O tal vez fue culpa de la lechuza, que por querer hacer promesas que no pudo cumplir, se terminó cortando las alas.

Pero también pudo ser culpa del Cuervo, porque nunca supo caer sin dar una verdadera batalla. Una que no dejaría a los humanos volver a olvidar, una que había decidido escribir con sangre.

Y es que cada una de nuestras estrellas ya traía sus propias cadenas... solo que aún no lo sabíamos.

Pero igual puede que saberlo, no hubiera hecho ninguna diferencia".

—Helena Candiani Yolotl

No sé si me dolió más de lo que me ardió, pero puedo decirte con certeza, que fue una sensación con la fuerza suficiente como para hacer que las piernas me temblaran desde adentro; desde esas pequeñas e insignificantes fibras de tejido que ni siquiera sabes que están ahí, hasta que se vuelven desagradables.

Apoyé una mano contra el respaldo de uno de los asientos del autobús para sostenerme, pero de inmediato sentí el líquido tibio empapar el estambre de mi sweater y pegarse a mi piel.

Todo sobre la marcha de regreso.
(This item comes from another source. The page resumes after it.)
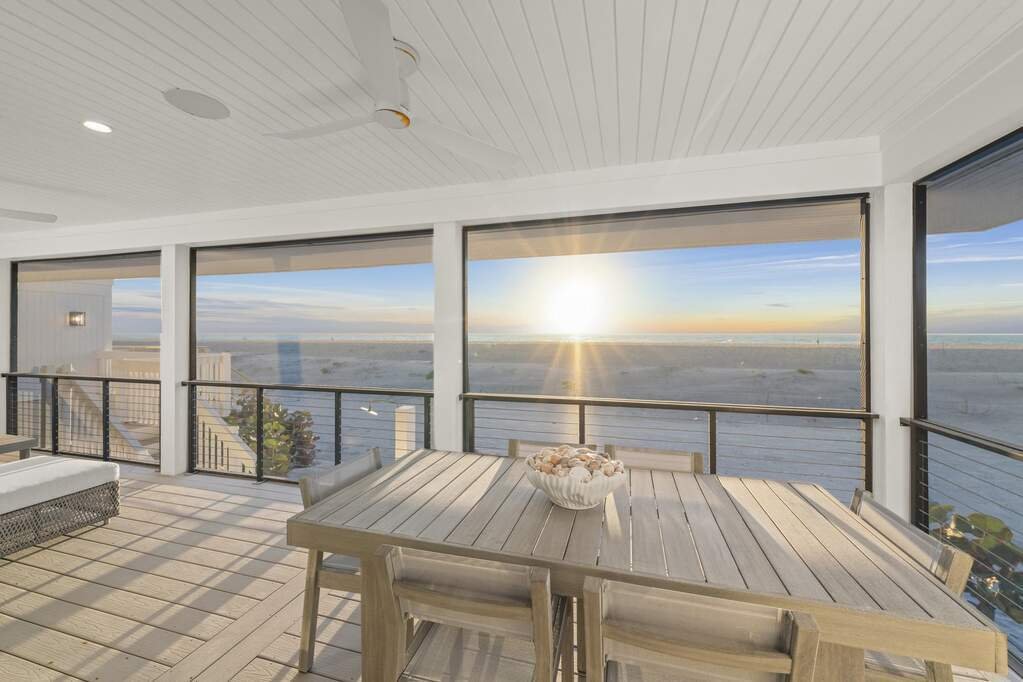 House in Captiva, Florida, United States 4 - 17448014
En un autobús en el que ni siquiera podía gritar porque, en cuanto me vieran la herida, ni siquiera iba a poder explicar como me la había hecho.

Así que me mordí el interior de mis labios hasta que probé el característico sabor a óxido, ahogué el quejido, cerré los ojos, y pegué la frente contra el cristal de la ventana. Todo con la finalidad de que aquellas pequeñas vibraciones y rebotes bruscos, le sirvieran a mi cerebro como distracción suficiente ante la sensación que se había apoderado de mi brazo.

1, 2, 3...

¡Auch!

Definitivamente eso había sido una piedra que se había estrellado contra el cristal.

Seguramente me iba a dejar un moretón en la cabeza.

4, 5, 6...

¿Por qué las cosas estaban sucediendo así?

¿Y por qué a mí?

Esto más que una segunda oportunidad, parecía una interminable pesadilla...

7, 8, 9...

Contar números mentalmente no me estaba ayudando en nada.

Algunas gotas de sudor frío me escurrieron a lo largo de la frente, hasta estancarse en mi nariz.

Me las limpie con los nudillos de mala gana.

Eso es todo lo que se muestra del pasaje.